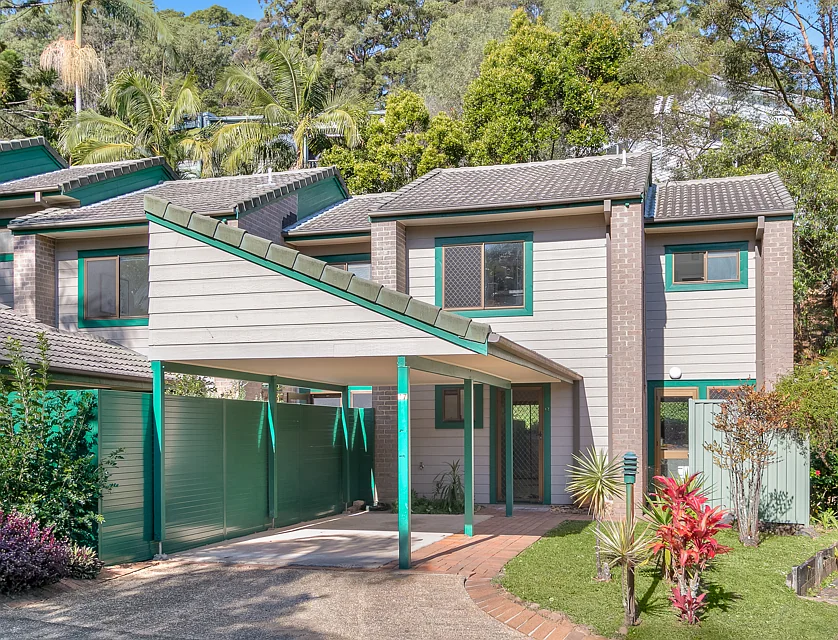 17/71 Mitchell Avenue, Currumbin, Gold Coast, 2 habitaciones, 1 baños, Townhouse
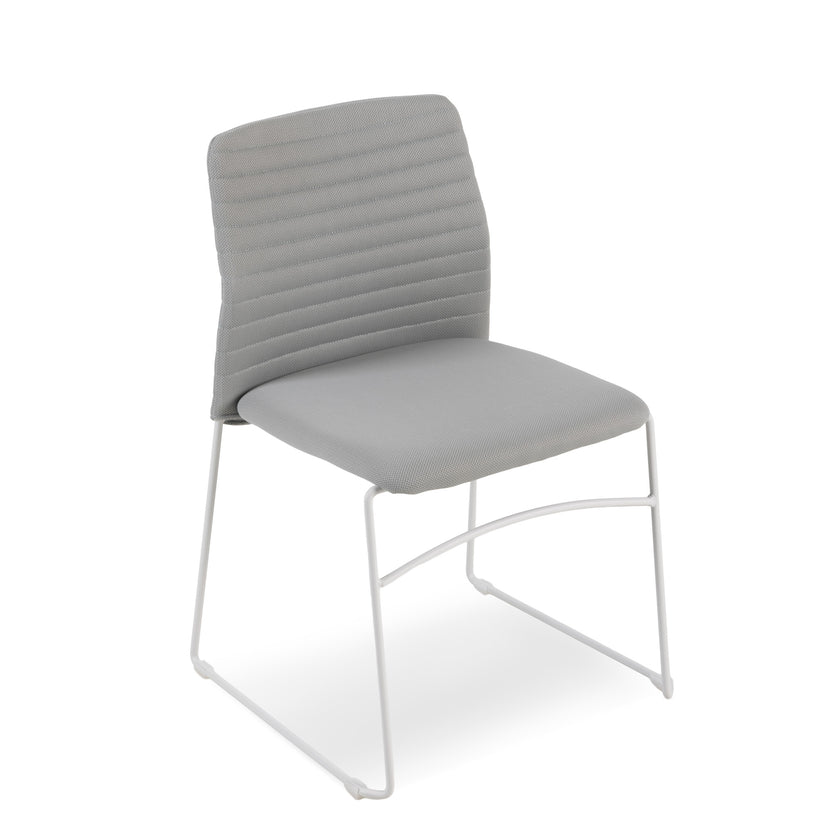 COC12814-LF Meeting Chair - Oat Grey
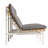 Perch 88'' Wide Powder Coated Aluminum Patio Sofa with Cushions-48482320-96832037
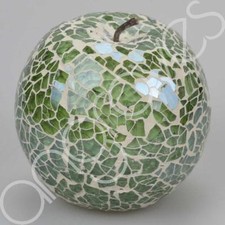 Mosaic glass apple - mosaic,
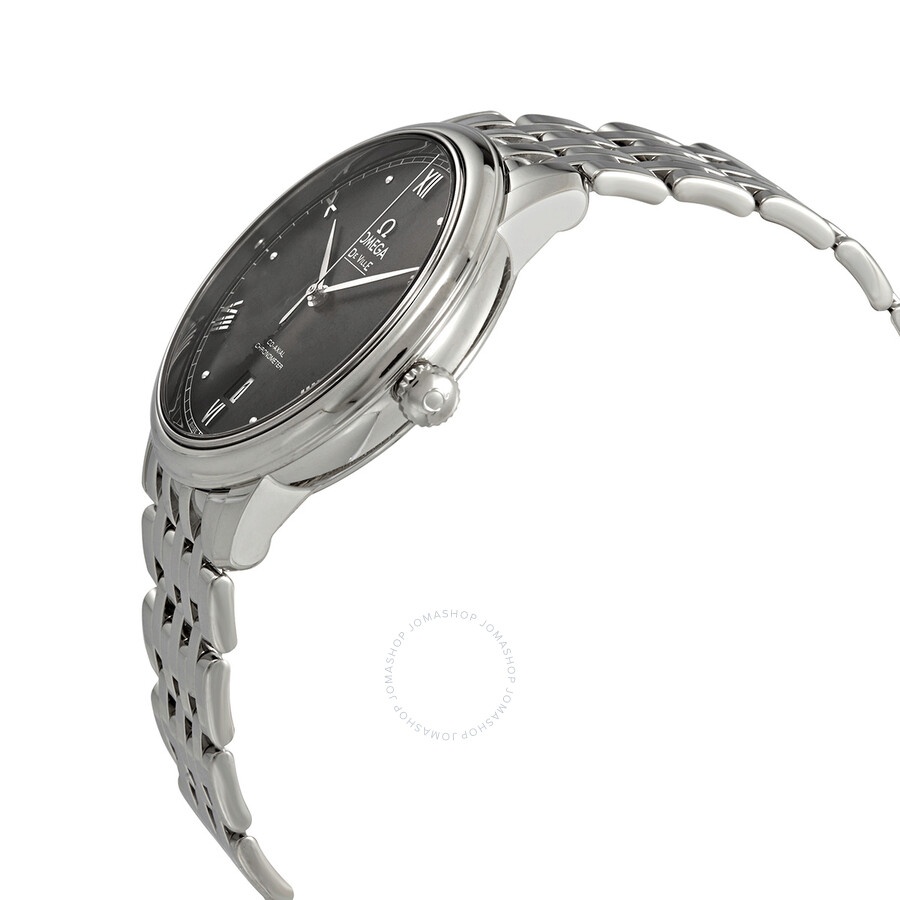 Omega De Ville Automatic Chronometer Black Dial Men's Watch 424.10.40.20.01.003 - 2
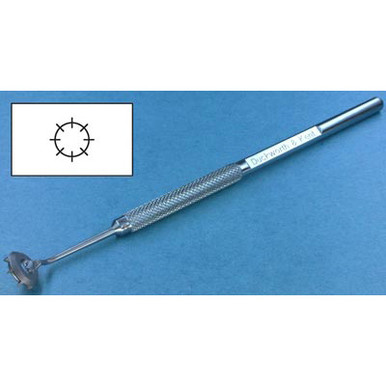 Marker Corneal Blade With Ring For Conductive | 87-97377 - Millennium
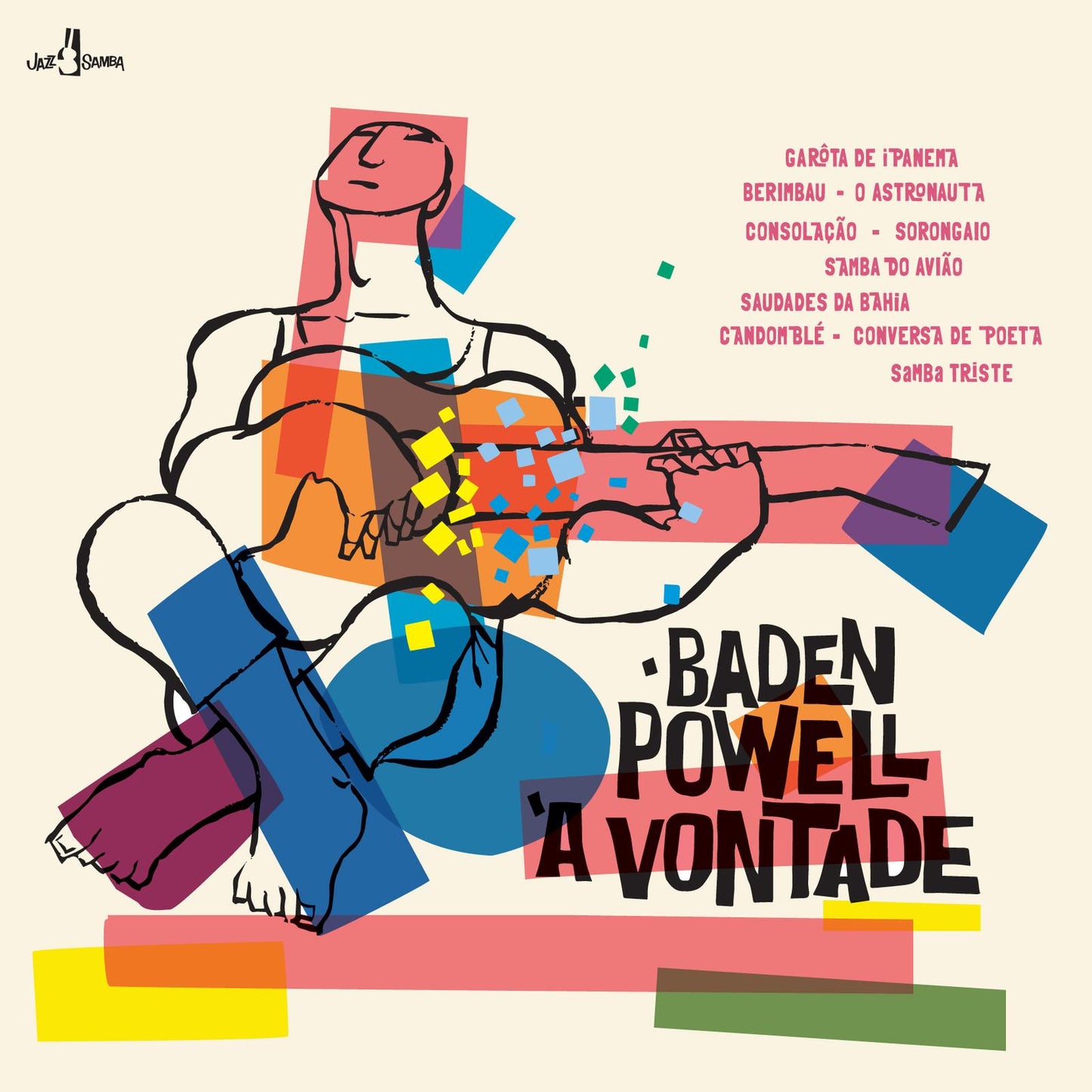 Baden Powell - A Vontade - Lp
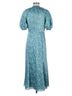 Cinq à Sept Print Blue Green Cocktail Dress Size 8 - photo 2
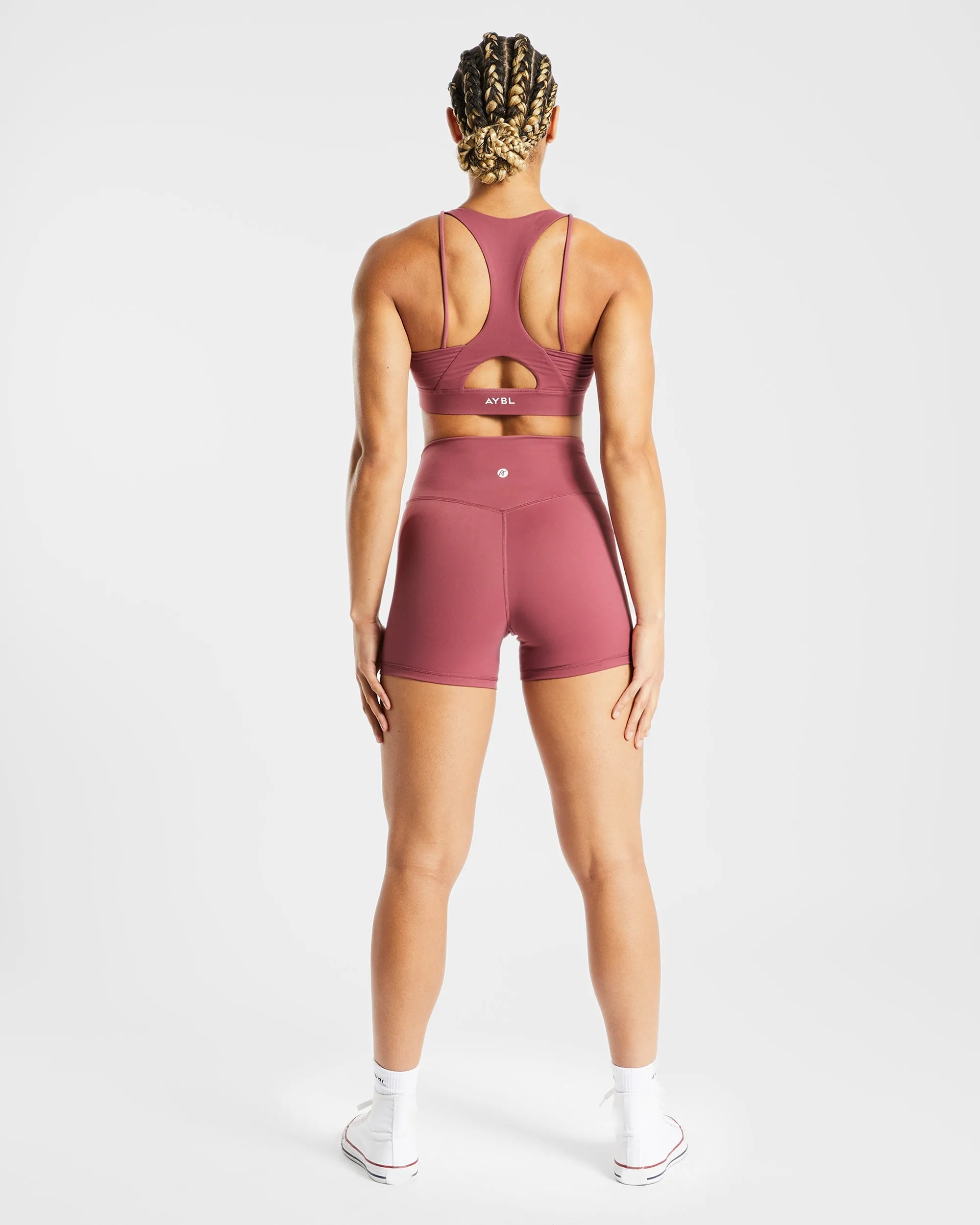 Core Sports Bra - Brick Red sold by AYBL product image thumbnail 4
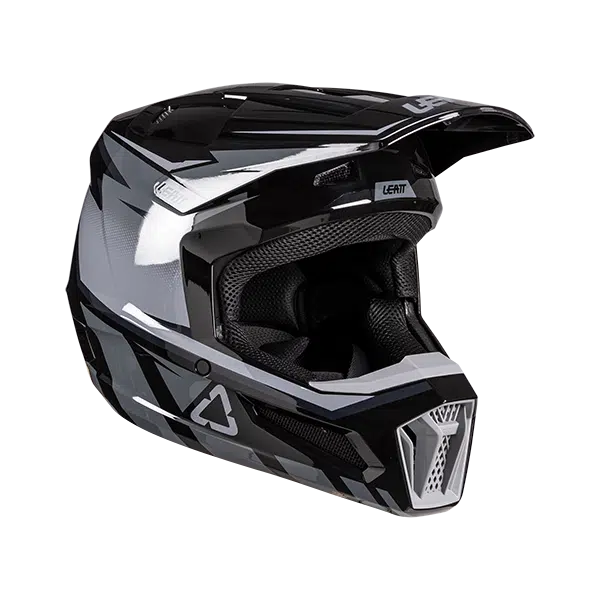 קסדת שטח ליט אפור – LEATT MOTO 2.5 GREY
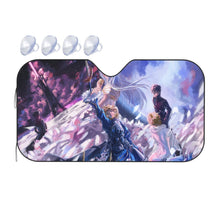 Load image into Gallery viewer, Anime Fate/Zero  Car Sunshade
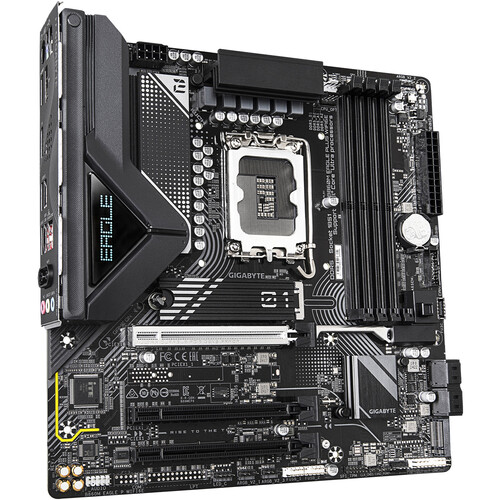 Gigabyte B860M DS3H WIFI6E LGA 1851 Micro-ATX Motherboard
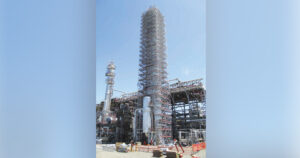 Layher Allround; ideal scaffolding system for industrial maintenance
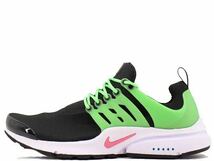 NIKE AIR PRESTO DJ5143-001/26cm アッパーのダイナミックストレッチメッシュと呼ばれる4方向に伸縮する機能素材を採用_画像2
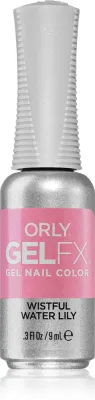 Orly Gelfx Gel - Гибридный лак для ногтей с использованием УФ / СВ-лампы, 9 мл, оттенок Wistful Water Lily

------------------------------

The data above should be repeated exactly, minus any pictures.

# Solution for this exercise
 17/71 Mitchell Avenue, Currumbin, Gold Coast, 2 habitaciones, 1 baños, Townhouse
 COC12814-LF Meeting Chair - Oat Grey
 Perch 88'' Wide Powder Coated Aluminum Patio Sofa with Cushions-48482320-96832037
 Mosaic glass apple - mosaic,
 Omega De Ville Automatic Chronometer Black Dial Men's Watch 424.10.40.20.01.003 - 2
 Marker Corneal Blade With Ring For Conductive | 87-97377 - Millennium
 Baden Powell - A Vontade - Lp
 Cinq à Sept Print Blue Green Cocktail Dress Size 8 - photo 2
 Core Sports Bra - Brick Red sold by AYBL product image thumbnail 4
 קסדת שטח ליט אפור – LEATT MOTO 2.5 GREY
 Load image into Gallery viewer, Anime Fate/Zero  Car Sunshade
 Gigabyte B860M DS3H WIFI6E LGA 1851 Micro-ATX Motherboard
 Layher Allround; ideal scaffolding system for industrial maintenance
 NIKE AIR PRESTO DJ5143-001/26cm アッパーのダイナミックストレッチメッシュと呼ばれる4方向に伸縮する機能素材を採用_画像2
 Orly Gelfx Gel - Гибридный лак для ногтей с использованием УФ / СВ-лампы, 9 мл, оттенок Wistful Water Lily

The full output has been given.